Triton networking and fabric operations guide
This document introduces and covers the architecture as well as debugging of Triton's network virtualization components. This document is oriented towards operators of the system. If you have not read the Triton networking and fabric user guide, please do so before continuing.
Triton has support for network virtualization at various layers of the software stack. The core platform has supported aspects of network virtualization since its inception and it has formed the basic building blocks for Triton's broader orchestration.
The heart of network virtualization lies in the compute nodes (servers) running the SmartOS platform. The platform supports several different things which Triton combines:
- Virtual NICs
- Per-Instance TCP/IP stacks
- Antispoof Protection
- Overlay Devices
On top of this, we've built the user-facing notion of a fabric -- the idea that every customer can have their own private network where they never have to worry about another customer seeing their own private traffic. See the Triton networking and fabric user guide for more information on the capabilities.

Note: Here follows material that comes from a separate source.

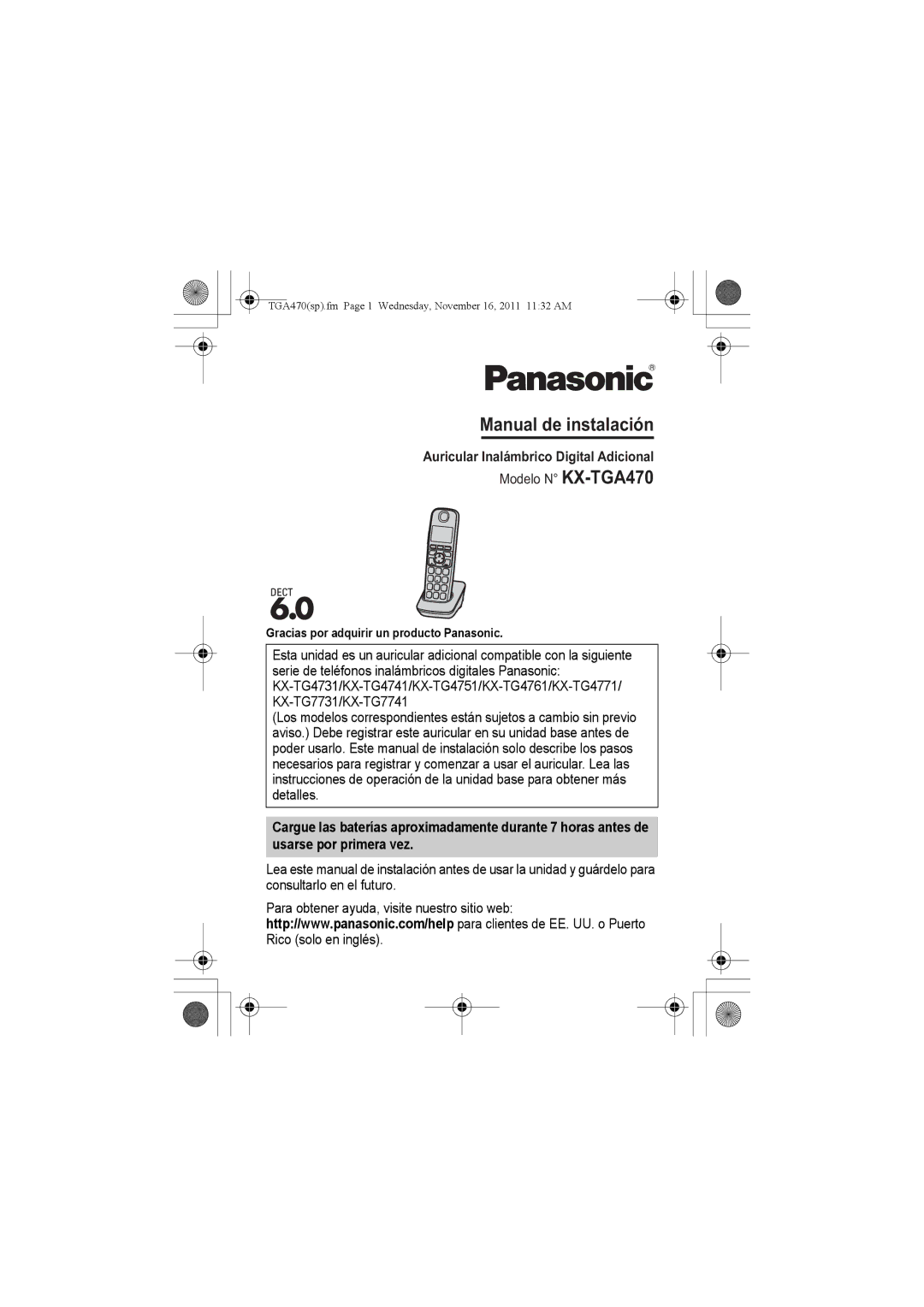 Panasonic kx-tgaa470, KX-TGA470, KXTGA470S, KXTGA470B Manual de instalación, Gracias por adquirir un producto Panasonic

As an operator of a Triton environment, the most important thing that we've done is to build this from a software-first, hardware-accelerated perspective. Meaning that you do not require any special networking or server hardware to run these environments, standard commodity components that have been on the market for years is sufficient; however, if you do have hardware that supports this, then Triton as a system can take advantage of it.
For each port on a physical server, there is one physical network interface created in the operating system. On the other hand, every instance that is provisioned has one or more virtual NICs (VNICs) associated with it. A VNIC is one of the basic building blocks of networking in containers running SmartOS. Each VNIC has its own hardware identifier called a MAC address associated with it. To everything else in the system, it looks identical to a physical network interface. It can have many of the same properties set on it, it can be independently tagged with a VLAN id, etc.

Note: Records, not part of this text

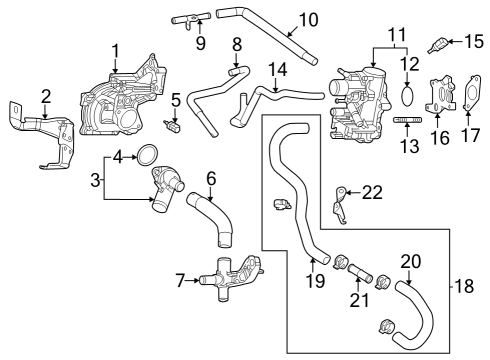 2024 Toyota Grand Highlander Water Manifold Stud Diagram for 90126-A0016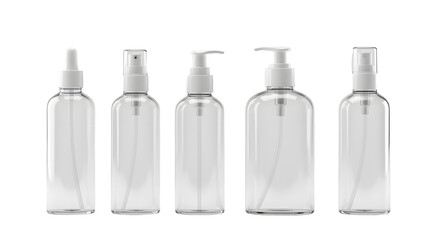 A collection of clear, empty cosmetic bottles arranged in a line, showcasing various shapes and sizes for beauty products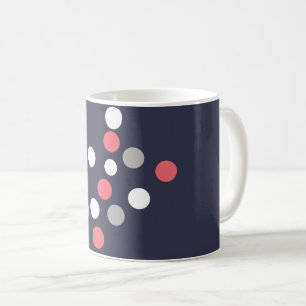 Mug Balls Cercles Motif gris blanc corail rose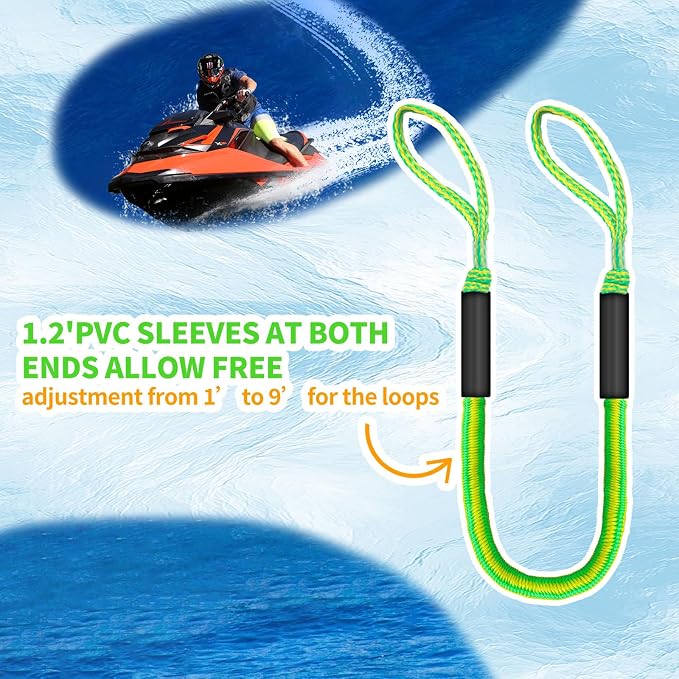 2-Pack Bungee Dock Lines for Boats with Loops, Boat Tie Downs for Docking, Adjustable Boat Mooring Rope for Pontoon, Jon Boat & PWC (Green & Yellow, 4 FT)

VNICs can be created in the operating system on top of other data links such as physical devices, devices that represent a link aggregation, an etherstub -- a virtual switch that only exists on a single machine, or an overlay device. The operating system takes care of multiplexing these devices and utilizing the resources of the underlying device. For example, when VNICs are created over a physical device, the operating system will program the physical device's packet filters with additional mac addresses that is should receive. However, if the hardware runs out of physical filters, then the operating system will program the device to ensure it receives the remaining packets and does packet classification in software.
For every network interface that an instance has, whether it is a normal container zone, an lx-branded zone, or a hardware virtual machine, there is a corresponding VNIC created that belongs to the zone. The assignment and management of these VNICs and the IP addresses that are used on top of them are all owned by NAPI, with the starting point for manipulating it is VMAPI.
Every zone on the system has an exclusive IP stack - a unique virtualized view of the networking world that only they can see and manipulate. This is what allows different instances to be able to have their own networking information and not have to worry about what other tenants on the compute node are doing.
The IP stack consists of the information required for networking to work, including:
- Interfaces and their state
- Lists of assigned IP addresses
- Routing Table
- TCP, IP, UDP, and SCTP state
- Network tunables
- IPsec state
- Firewall Rules
Every VNIC is tagged with various protections that we refer to as anti-spoof, as it protects against a given instance pretending that they're someone else on the network. These checks are all done before a packet can go on the wire, so regardless if it comes from a KVM guest or somewhere else, it will be noticed.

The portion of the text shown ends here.